In re-analysing our published RNA-seq data [13], we observed RNA variants (A to G, or A to I) compared with the genome sequence for several genes in both RO15 and ScottA, especially after pressure treatment. A to I editing in the hokB transcript was shown to increase toxicity of E. coli [24]. More recently, it has been shown that A to I RNA editing in the fliC transcript increases tolerance of P. putida to oxidative stress [25]. In our study, as RNA editing was mostly seen in HPP-treated samples, we hypothesize that RNA editing may be related to HPP stress response of L. monocytogenes. Therefore, RNA edited transcripts might have an important role in HPP stress in L. monocytogenes, and these genes can be a target for future research. In total, 12 genes were RNA edited in both strains. Especially the gene hpf encoding a ribosome hibernation-promoting factor drew our attention since the difference between treated samples and control samples increased over time. The gene hpf has an important role in Listeria. When Listeria encounters a stress condition, hpf converts translationally active 70S into inactive 100S ribosomes, which contributes to stationary-phase survival [50]. During HPP recovery L. monocytogenes might improve efficiency of ribosome hibernation by editing the hpf transcript. It has been also reported that the hpf gene can be found in phages [51]. However, in both RO15 and ScottA, the hpf gene was not present in any prophage region.
Direct RNA sequencing is a novel method that creates long reads from native RNA, which allow us to predict full-length transcripts and RNA modifications [28]. For direct RNA sequencing, we selected four samples in total from both L. monocytogenes RO15 and ScottA strains, which were used in our previous HPP experiment [13]. Samples were selected based on earlier observations of abundant differentially expressed genes and high numbers of RNA editing events. Direct RNA sequencing allowed us to predict transcripts, providing a general view of gene structures and operons. The number of predicted transcripts was lower than the number of genes in both strains, due to operon structures. However, some regions of the genome did not have sufficient coverage to predict a transcript from the reads. Hence, transcriptional inactivity was another reason for the lower number of predicted transcripts.
Analysing the RNA modifications using direct RNA-seq reads indicated that a GATGA-like motif is used in both RO15 and ScottA for RNA modification. RNA modification can regulate virulence and resistance in pathogens [52]. To our knowledge, RNA modification of whole transcripts in bacteria has not been reported to date; therefore, this is the first proposed whole transcript-based RNA modification motif in bacteria.
No RNA modification signal was observed in RNA editing sites. This might indicate that RNA modifications are caused by a different mechanism than RNA editing. Moreover, we have not observed partial variants in the RNA editing sites using the direct RNA-seq reads.

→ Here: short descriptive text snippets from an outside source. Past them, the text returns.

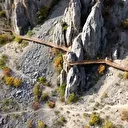 Yozgat’ın saklı cenneti: Kazankaya Kanyonu doğaseverlerin yeni adresi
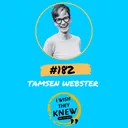 (Ep. 182) Tamsen Webster: Change that works artwork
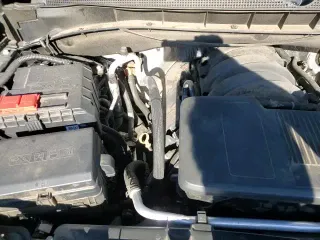 2021 Chevrolet Tahoe Z71 с VIN 1GNSKPKD2MR191912, выставлен на аукционе Copart как лот 87186925 с пробегом 125 360 миль миль и Списание • Salvage title. История ставок и продаж доступна на DreamBid. Изображение 16.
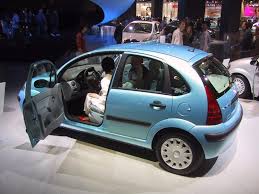 Image result for Blanc Corfou 2002 Citroen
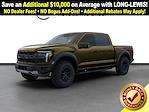 New 2025 Ford F-150 Raptor SuperCrew Cab for sale #H25F1522 - photo 1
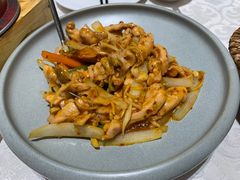 -马凯餐厅(地安门店)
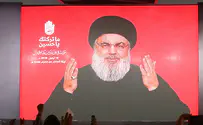 Nasrallah: Tunnel digging into Israel will continue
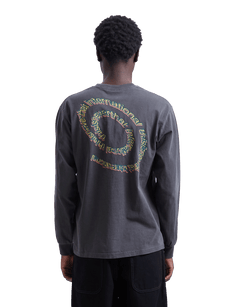 Spiral Logo Long-Sleeved Tee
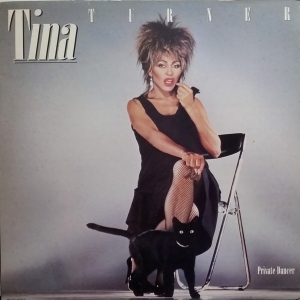 Private Dancer Image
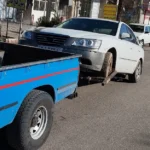 امداد خودرو ساوه سلفچگان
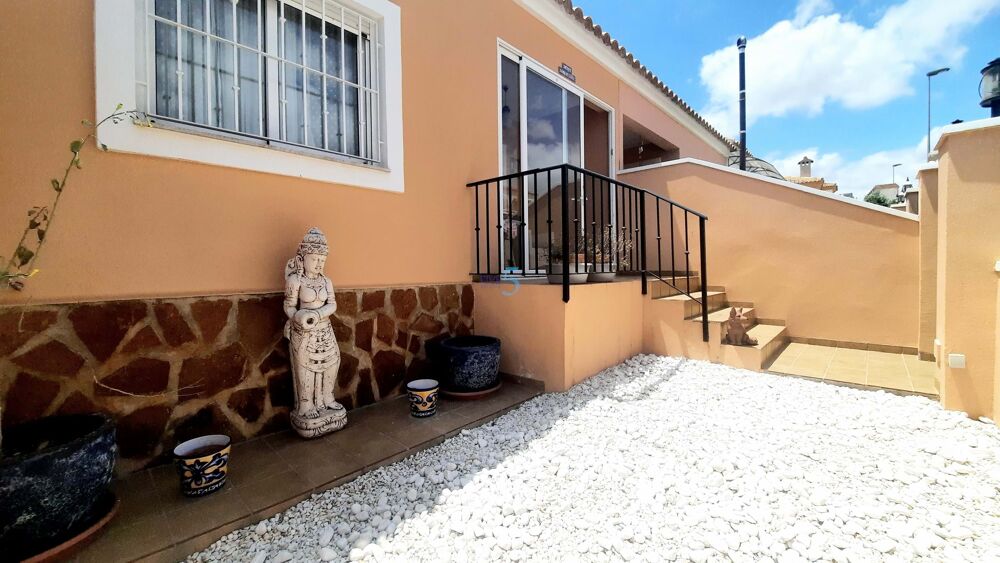 vente Maison - 4 pièce(s) - 98 m² Espagne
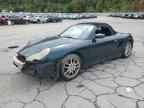 2003 PORSCHE Boxster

Therefore, we believe that direct RNA-seq is not suitable for investigating A to I RNA editing sites. RNA editing site prediction may require other sequencing methods such as Illumina.
In summary, we identified several features of the transcriptional unit landscape of L. monocytogenes, including transcription start sites and terminators, promoters, operon, RNA transcripts, RNA editing events, and RNA modifications. We compared EGD-e [21] and RO15 TSSs. More experimental work is needed to fully elucidate these findings linked to functionalities of L. monocytogenes and the relevance of our observation of growth and possible virulence of these bacteria.